Fixed bugs and small items:
- GUI now prevents creation of vPools with a capital letter.
- Implemented recommendation for a security exploit on elasticsearch 1.1.1.
- Fix for validation of vPools being stuck on validating.
- Protection against reusing vPool names towards the same backend.
- Fix for the Storage Router online/offline detection which failed when openstack was also installed.
Next, we also took the first step towards supporting other OS than Ubuntu (RedHat/Centos). We have created an rpm version of our volumedriver and arakoon packages. These are tested on “Linux Centos7 3.10.0-123.el7.x86_64” and can be downloaded from our packages server. This completes a first important step towards getting Open vStorage RedHat/CentOS compatible.

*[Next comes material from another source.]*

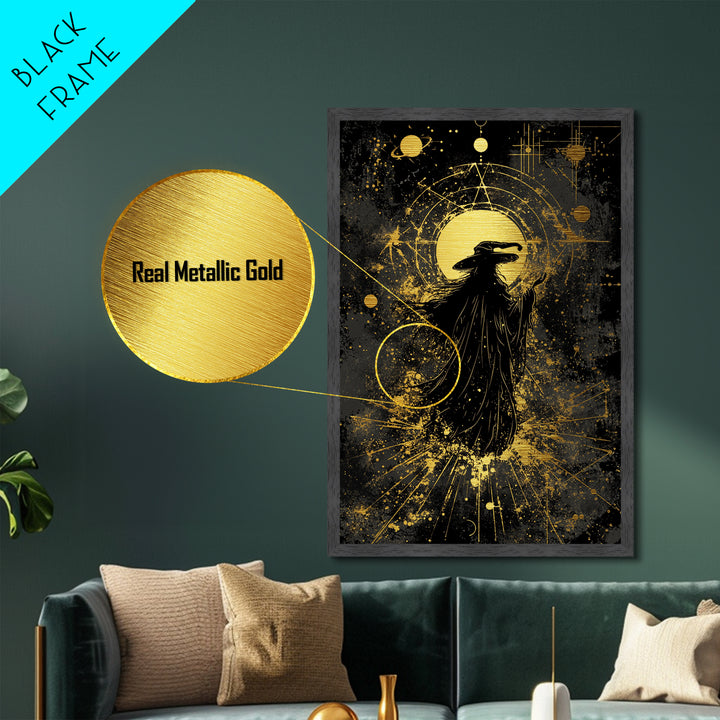 Haunted Sorcerer Metallic Gold Art, Spooky Season Metal Art Print, Halloween Wall Décor with Natural Wood Frame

The Open vStorage team is on fire. We released a new version of the Open vStorage software (select Test as QualityLevel). The new big features for this release are:
- Logging and log collecting: we have added logging to Open vStorage. The logs are also centrally gathered and stored in a distributed Search Engine (Elasticsearch). The logs can be viewed, browsed, searched and analyzed through Kibina, a very nice designed GUI.
- HA Support: Open vStorage does with this release not only support vMotion but also the HA functionality of VMware. This means that in case an ESXi Host dies and vCenter starts the VMs on another Host, the volumes will automatically be migrated along.
Some small feature that got into this release:
- Distributed filesystem can now be selected as Storage Backend in the GUI. Earlier you could select the file system but you could not extend it to more Grid Storage Routers (GSR). Now you can extend it across more GSRs and do vMotion on top of f.e. GlusterFS.
- The status of VMs on KVM is now updated quicker in the GUI.
- Manager.py has now an option to specify the version you want to install (run manager.py -v ‘version number’)
- Under administration there is now an About Open vStorage page displaying the version of all installed components.
In addition, the team also fixed 35 bugs.